煤矸石改良膨胀土特性及其最佳掺量条件下的孔隙结构表征
2018-11-23殷潇潇
张 雁,殷潇潇,刘 通
煤矸石改良膨胀土特性及其最佳掺量条件下的孔隙结构表征
张 雁,殷潇潇,刘 通
(内蒙古农业大学能源与交通工程学院,呼和浩特 010018)
为减小膨胀土对土木工程设施及农业生态环境的危害,进行掺加煤矸石粉改良膨胀土的试验研究。该文以内蒙古兴和县高庙子乡的膨胀土和煤矸石为研究对象,通过无荷膨胀试验、有荷膨胀试验和收缩试验确定煤矸石粉的最佳掺量,对最佳煤矸石粉掺量的膨胀土进行干湿循环试验,利用直剪试验测定每次干湿循环后试件的抗剪强度指标;通过压汞试验测得孔隙特征值,从微观角度揭示强度变化机理。
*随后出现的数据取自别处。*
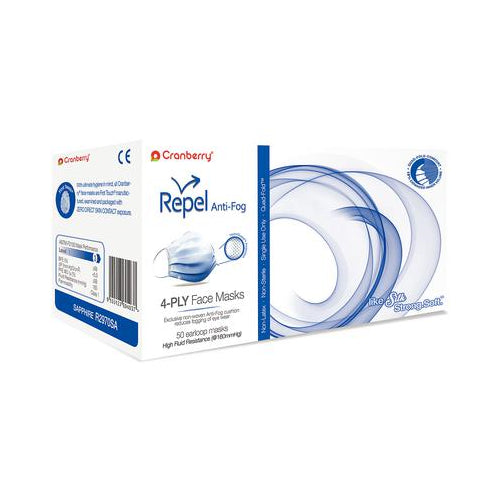 Cranberry R2970SA Repel 4-Ply Premium Anti-Fog Earloop Face Masks Sapphire 50/Box Cranberry R2970SA Repel 4-Ply Premium Anti-Fog Earloop Face Masks Sapphire 50/Box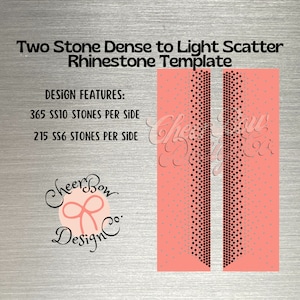 Rhinestone Template Instant Digital Download for 3&quot; Cheer Bow, Two Stone Dense to Light Scatter SS10, SS6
试验结果表明:煤矸石粉掺量为6%时抑制膨胀土的胀缩性效果最佳;干湿循环作用使素膨胀土黏聚力和内摩擦角均有所衰减,掺入煤矸石粉后强度衰减得到控制;随干湿循环次数的增加孔径逐渐向大孔范围聚集,团粒结构增多,使素膨胀土的抗剪强度指标降低;经过5次干湿循环,掺加煤矸石粉土样的大孔孔隙密度比素膨胀土降低约35%,煤矸石有效阻止膨胀土的强度劣化。
抗剪强度;孔隙度;煤矸石;膨胀土;干湿循环;压汞法
0 引 言
膨胀土是一种高塑性、高敏感性黏土,主要矿物成分为蒙脱石和伊利石,具有极强的“吸水膨胀,失水收缩”的特性。由于膨胀土的这种特性,其强度易受干湿循环作用的影响。国内外学者大量研究发现膨胀土在干湿循环条件下往往呈现出一定的软化特性,抗变形能力以及强度会逐渐下降,易导致边坡失稳、路基沉陷、农田水利设施损坏,水土流失加重,影响农业生态环境,从而引发严重的安全事故和巨大的经济损失[1-2],因而对膨胀土强度特性的研究对防治膨胀土造成的灾害有重大意义。目前在干湿循环条件下膨胀土强度方面的研究有:张大琦[3]研究了干湿循环下石灰处治膨胀土的强度特性,结果表明黏聚力不断降低,内摩擦角变化不明显;沈泰宇等[4]利用化学复合改良剂提高膨胀土强度和降低膨胀率;膨胀土在反复干湿的过程中,土体饱和度不断变化,反复膨胀收缩,其强度也在不断变化[5];杨和平等[6]研究南宁外环膨胀土在干湿循环下的抗剪强度,结果表明黏聚力随干湿循环衰减较大,内摩擦角衰减较小;吕海波等[7]探究了膨胀土抗剪强度与含水率、干湿循环次数的关系,发现膨胀土抗剪强度随干湿循环次数的增加而衰减,最终趋于稳定。有的研究表明膨胀土的强度、胀缩衰减等工程特征在一定程度上取决于其微观特征[8];徐丹等[9]研究了干湿循环对非饱和膨胀土抗剪强度的影响,结果发现膨胀土的抗剪强度的变化与微观结构有关;曾召田等[10]研究了膨胀土干湿循环过程中的孔隙结构,指出随着干湿循环次数的增加,试样的孔隙率,总孔体积等均有所增加;其他研究者[11-14]通过压汞试验研究了膨胀土孔隙微观结构在脱湿、冻融等条件下的变化。膨胀土利用方面的研究主要有,在煤矸石中掺加或覆盖煤矸石堆可控制煤矸石中重金属的溶出量[15-20];孙树林等[21-23]在膨胀土中掺入碱渣等固体废弃物改性膨胀土,降低其胀缩能力;牛晨亮等[24]研究利用工业废渣固化土;贺建清等[25]研究得到在煤矸石中,掺入一定量黏土,可弥补煤矸石的黏聚力,增加其稳定性。从上述分析可知,微观特征是影响膨胀土强度的因素之一,煤矸石改性膨胀土可起到增强的作用,但是在煤矸石一定掺量条件下,煤矸石改性膨胀土的强度机理有待于进一步探索。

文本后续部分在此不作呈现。